A disturbing nationwide trend
On a summer evening early in July, our friend and neighbor reported their ten-year-old boy was missing. Twenty-four hours later, the county search and rescue found the boy dead. He was hanging by a rope inside a homemade tree house. Initially, we were terrified the incident was a playground equipment-related fatality. Later, we found out the worst. It was self-inflicted, but not suicide. This ten-year-old boy had been playing the “choking” game. It is also known by other names like the pass-out game, the fainting game, tingling, something dreaming, space monkey, funky chicken, flat-liner game and some older children have even called it suffocation roulette.
This disturbing nationwide trend is being played even by young children using belts, ties, bags, ropes, or even bed sheets placed over their heads or around their necks. This reduction in the flow of oxygen to the brain and heart reduces blood pressure causing the body to shut down beginning the process of death. When the pressure from the choking is suddenly relieved, oxygen rushes to the head and brain giving the individual a “rush” or “high” feeling. One child, when interviewed by the national news media said, “You kind of pass out for a few seconds, it’s a weird sensation that’s awesome.”
Oddly enough, when investigators inquired into the hanging case of our neighbors’ boy, the children admitted they knew about the game and many had played it. The grown-ups – on the other hand – had no idea that dozens of elementary age children had played the game or at least knew someone who had. This was a real awakening, and it has been found that we aren’t the only community affected by this strange behavior. All across the nation, children are playing and many are dying from self-inflicted asphyxiation.
Sarah Pacatte lost her son Gabriel to the choking game. He was showing signs of marijuana. His personality changed. He had bloodshot eyes. When confronted, Gabriel told his family not to worry, “I’m not taking drugs or drinking.” In an interview, Sarah spoke about the risky behavior and its strong appeal. “It’s almost like a drug. They crave it. They crave the high they get from lack of oxygen. Some kids are fascinated by this strange and dangerous play. It’s something that is not talked about. It’s not well known, and there’s a lure to that.”

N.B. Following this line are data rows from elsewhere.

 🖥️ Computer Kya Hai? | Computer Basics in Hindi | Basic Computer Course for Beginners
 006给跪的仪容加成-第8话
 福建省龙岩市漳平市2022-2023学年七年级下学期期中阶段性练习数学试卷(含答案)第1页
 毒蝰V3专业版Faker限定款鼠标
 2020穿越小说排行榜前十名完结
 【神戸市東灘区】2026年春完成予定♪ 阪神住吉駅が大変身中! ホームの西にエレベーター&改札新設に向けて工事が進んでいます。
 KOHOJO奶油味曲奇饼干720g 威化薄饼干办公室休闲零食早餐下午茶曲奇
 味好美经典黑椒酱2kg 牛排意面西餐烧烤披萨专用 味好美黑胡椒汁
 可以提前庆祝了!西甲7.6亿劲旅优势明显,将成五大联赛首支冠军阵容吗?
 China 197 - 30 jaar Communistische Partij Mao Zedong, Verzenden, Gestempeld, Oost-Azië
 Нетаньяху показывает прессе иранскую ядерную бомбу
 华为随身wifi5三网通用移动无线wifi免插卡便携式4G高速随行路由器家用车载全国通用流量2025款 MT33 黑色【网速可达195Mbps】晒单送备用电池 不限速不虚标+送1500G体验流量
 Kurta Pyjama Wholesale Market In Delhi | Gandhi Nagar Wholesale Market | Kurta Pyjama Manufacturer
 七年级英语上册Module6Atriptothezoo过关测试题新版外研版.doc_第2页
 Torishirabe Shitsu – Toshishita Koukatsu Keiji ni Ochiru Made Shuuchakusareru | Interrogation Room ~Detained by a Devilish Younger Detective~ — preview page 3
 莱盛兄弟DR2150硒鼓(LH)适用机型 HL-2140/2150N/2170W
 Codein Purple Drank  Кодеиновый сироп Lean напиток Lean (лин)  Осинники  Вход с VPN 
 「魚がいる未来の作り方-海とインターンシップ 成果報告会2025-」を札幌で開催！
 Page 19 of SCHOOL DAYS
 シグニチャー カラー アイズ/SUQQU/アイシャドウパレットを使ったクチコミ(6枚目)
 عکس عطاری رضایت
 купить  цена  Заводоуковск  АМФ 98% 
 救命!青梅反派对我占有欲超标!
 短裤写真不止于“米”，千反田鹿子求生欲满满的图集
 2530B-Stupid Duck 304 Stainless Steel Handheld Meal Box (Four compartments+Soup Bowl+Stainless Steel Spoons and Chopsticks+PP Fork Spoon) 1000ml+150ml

Other parents of children who have died from this never recognized any of the signs such as bloodshot eyes, severe headaches, and marks on the neck, closed doors, ropes tied to the bed or closet door. Tammy Dunn, mother of 13-year-old Chelsea, wishes she had spotted such signs. “I blame myself,” she says of the night when Chelsea retired to her bedroom for the night. Alone in her room, she used a belt to play the game. Unable to release herself from the belt she hung to her closet door, Chelsea accidentally hung herself. “Maybe I should have known, maybe I should have checked in on her, but I’m angry with her. I’m angry that she made those choices that she made that took her from us,” said Tammy.
Children and teens do not fully realize they are killing brain cells, weakening body organs and according to one report from www.lungdiseases.about.com, hundreds of children have died from the game and the numbers are rising. This risky and life-threatening behavior has no place in our society. As community leaders, concerned citizens, parents, and educators, it is our duty to be aware of these types of behaviors and do something about them. Research this awful game, implement a safety awareness program to combat it and above all, talk to your own children. Organize forums as some communities have to educate children and parents about the dangers. We need to change what it is called, so children do not think it is “a game” without thoughts of potential hazards.
The time is now to do something about this. Just days after the tragic death of the boy in our neighborhood, at a park in a nearby town, a woman was alerted by her daughter to the fact that four children — ages 7 to 10 years — were “playing the game.”